Guatemala. AFP. Con el 43,4% de menores de 6 años con desnutrición crónica, Guatemala encabeza esta espeluznante lista en la región, pese a los avances registrados en los últimos años, según resultados preliminares de una encuesta de la Organización Panamericana de la Salud (OPS).
Los resultados coinciden con el informe Estado Mundial de la Infancia y fueron presentados ayer por el Fondo de Naciones Unidas para la Infancia (Unicef).
Los datos revelan una leve mejoría si se toma en cuenta que hasta el 2008 la cifra era de 49,3%.
“Sin embargo, los más afectados siguen siendo los habitantes de poblaciones rurales e indígenas, donde el porcentaje de desnutrición crónica llega, en promedio, a 70%”, destacó Iván Yerovi, representante adjunto de Unicef en Guatemala.
Aunque la oficina del organismo multilateral reconoció que hubo avances recientes, el experto destacó que fueron mínimos, pues Guatemala aún encabeza las estadísticas de la región y, según Adriano González-Regueral, también vocero de Unicef, sus índices se comparan con Madagascar, Etiopía, Yemen y Nigeria.
“En el tema de desnutrición aguda, cada año, de forma cíclica, se presentan casos de desnutrición aguda, y en el 2009 la situación se agudizó nuevamente en los (siete) departamentos del corredor seco”, localizados al noreste del país, destacó González-Regueral.
Otra preocupación de la Unicef, según el informe, son los altos índices de impunidad de los crímenes cometidos contra niños y adolescentes en este país.
Según Naciones Unidas, el 98% de casos que llegan a los tribunales quedan en la impunidad.
La V Encuesta Nacional de Salud Materno Infantil 2008-2009, realizada por la OPS, destacó otros avances en el área de salud de niños y mujeres guatemaltecos.

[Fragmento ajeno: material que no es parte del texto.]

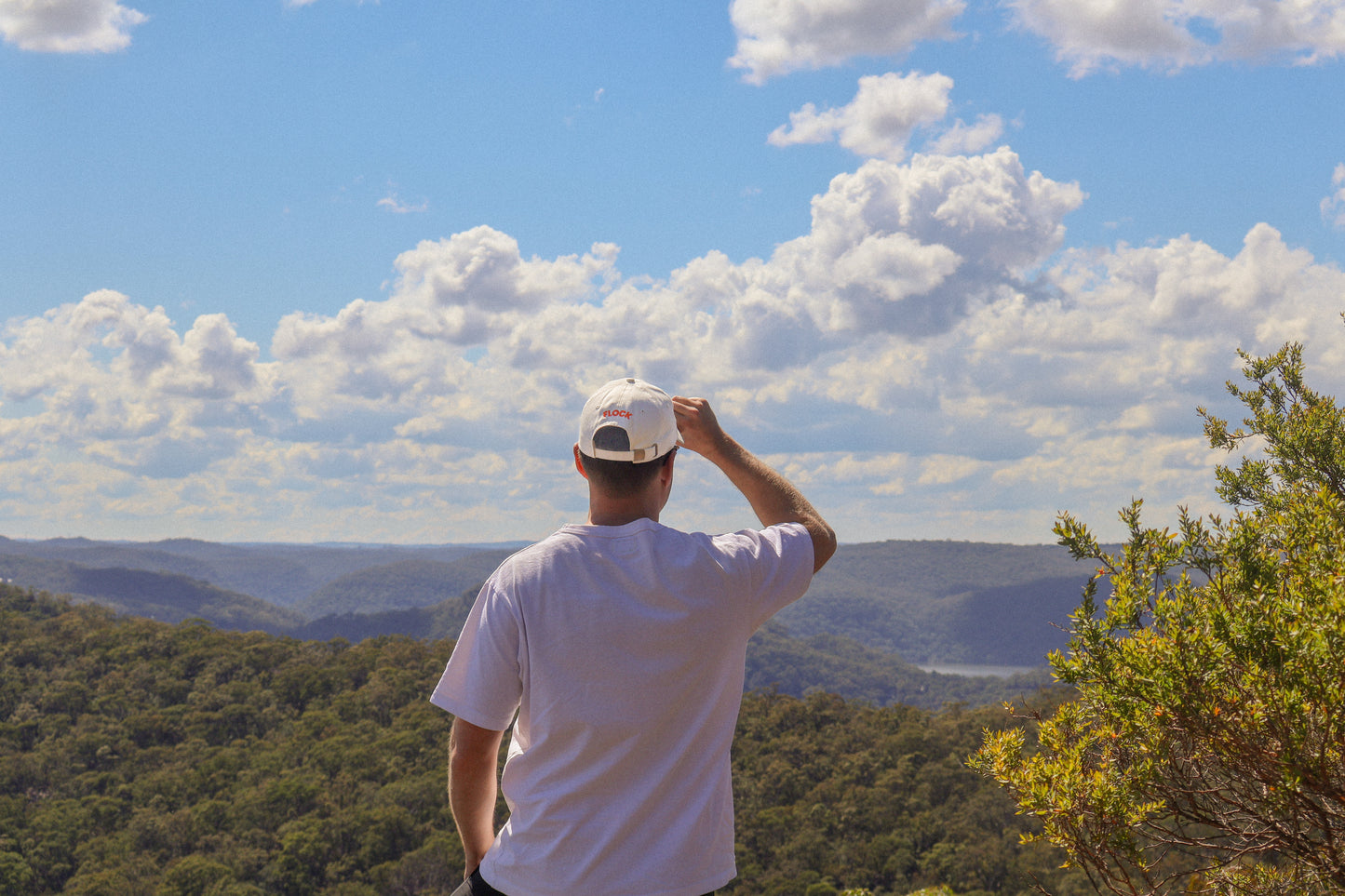 Red-tailed Black Cockatoo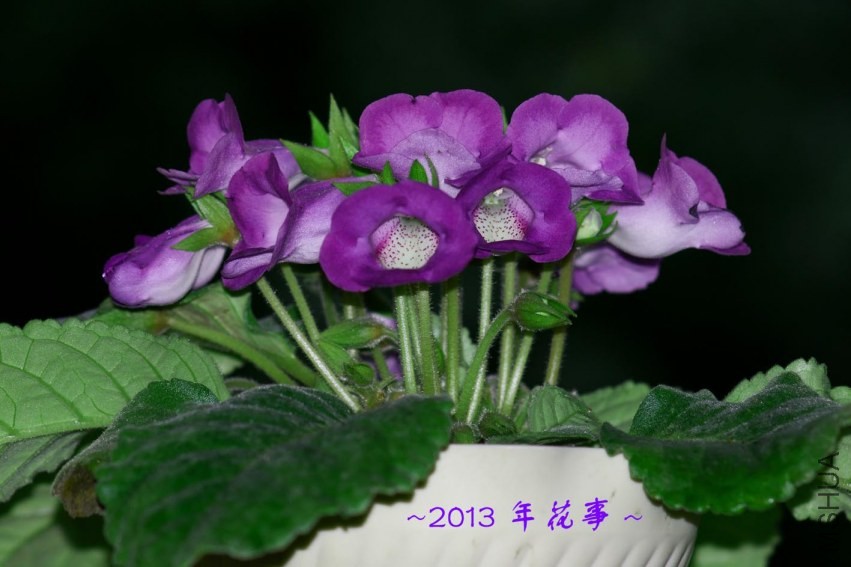 04.jpg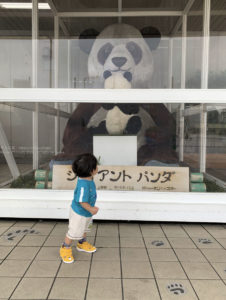【iPhoneで子供を撮ろう】パンダが大好き!!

La mortalidad infantil descendió a 30 por cada mil niños nacidos vivos, cuando en el 2002 era de 39, y la planificación familiar de mujeres entre 15 y 49 años (en edad fértil) subió de 43% a 54,1%.
“Se deben buscar los recursos para invertir y al mismo tiempo focalizar la intervención, como lo está haciendo el gobierno, en la población indígena, en educación, en la vigilancia activa y acciones para evitar la desnutrición crónica y aguda”, afirmó Pier Paolo Balladelli, vocero local de la OPS.
Según el funcionario, “salud no es solo estar bien, es también desarrollo económico y desarrollo productivo. Ahí tenemos que aumentar la inversión”, recalcó.
La crisis económica y el cambio climático atizan el problema porque afectan el desarrollo y goce de los derechos de los niños, en particular los más pobres y marginados, advirtió la Unicef.
González-Regueral precisó que la crisis incrementa los niveles de pobreza y, el cambio climático, el aumento de males como la desnutrición y las enfermedades infecciosas.
En el caso de Guatemala, alertó que la desigualdad en la distribución de la riqueza sigue siendo la causa de que casi la mitad de los niños de hasta cinco años padezcan e desnutrición crónica.